Monitoring and Trust Terms
24. Trust Score / Risk Score
A numerical or categorical measure of how much a given access request should be trusted, based on aggregated signals (identity confidence, device health, location anomaly, behaviour baseline).
25. Behavioural Analytics (UEBA)
User and Entity Behaviour Analytics — detecting anomalies in how users and systems behave compared to their historical baseline. A user downloading 10x their normal data volume triggers an alert.
26. Data Plane vs Control Plane
- Control plane — where policy is defined and trust decisions are made
- Data plane — where actual traffic flows and policy is enforced
In Zero Trust architecture, separating these planes is a best practice.
27. Blast Radius
Originally from chaos engineering, this term is used in security contexts to describe the potential scope of damage if a component is compromised. Zero Trust design aims to minimise blast radius through segmentation and least privilege.
28. Zero Standing Access (ZSA)
An extreme form of least privilege where users have no access by default — every access request must be explicitly granted in real time, with full audit logging.
29. Workload Identity
The identity assigned to a compute workload (container, VM, serverless function) rather than a human user. Workload identities enable mTLS and fine-grained service mesh policies.
30. Audit Trail / Access Log
A complete, tamper-resistant record of who accessed what, when, from where, and with what result. In Zero Trust, comprehensive audit trails are non-negotiable — they are the evidence layer.
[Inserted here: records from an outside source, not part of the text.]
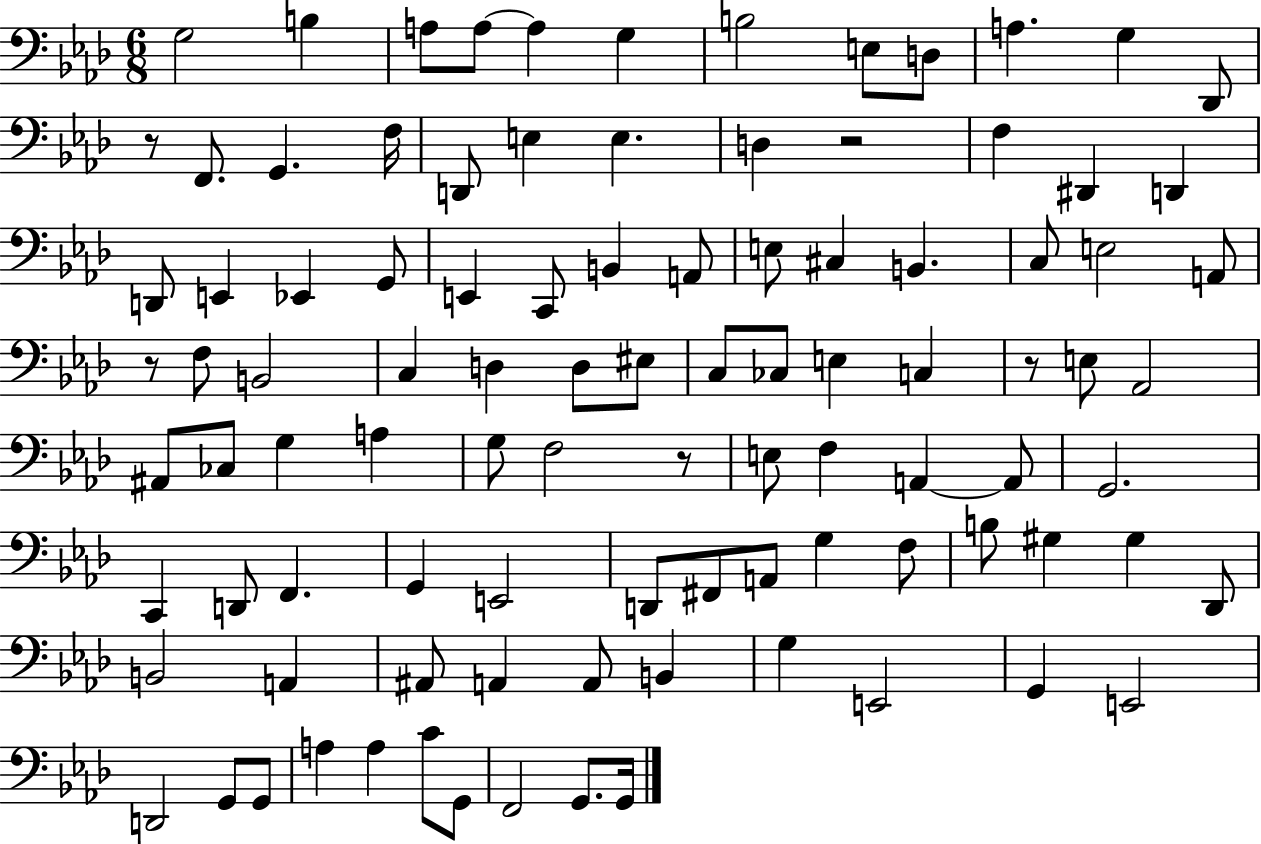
X:1
T:Untitled
M:6/8
L:1/4
K:Ab
G,2 B, A,/2 A,/2 A, G, B,2 E,/2 D,/2 A, G, _D,,/2 z/2 F,,/2 G,, F,/4 D,,/2 E, E, D, z2 F, ^D,, D,, D,,/2 E,, _E,, G,,/2 E,, C,,/2 B,, A,,/2 E,/2 ^C, B,, C,/2 E,2 A,,/2 z/2 F,/2 B,,2 C, D, D,/2 ^E,/2 C,/2 _C,/2 E, C, z/2 E,/2 _A,,2 ^A,,/2 _C,/2 G, A, G,/2 F,2 z/2 E,/2 F, A,, A,,/2 G,,2 C,, D,,/2 F,, G,, E,,2 D,,/2 ^F,,/2 A,,/2 G, F,/2 B,/2 ^G, ^G, _D,,/2 B,,2 A,, ^A,,/2 A,, A,,/2 B,, G, E,,2 G,, E,,2 D,,2 G,,/2 G,,/2 A, A, C/2 G,,/2 F,,2 G,,/2 G,,/4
Usage: “Our audit trail showed that the service account accessed the secrets store 847 times in 10 minutes — a clear anomaly that triggered the incident response.”
Key Takeaways
- Zero Trust moves the perimeter from the network edge to the identity of every user, device, and service.
- Microsegmentation and least privilege limit the blast radius of any breach.
- mTLS ensures both parties in a service call are verified — not just the server.
- Adaptive access control uses context (device posture, location, behaviour) to make dynamic access decisions.
- JIT access eliminates standing privilege — access is granted only when needed, and automatically revoked.
- Understanding the distinction between PDP (decides) and PEP (enforces) is essential for architecture conversations.
Zero Trust is not a product you buy — it is a strategy you implement. Knowing this vocabulary puts you in a position to lead those conversations in English with confidence.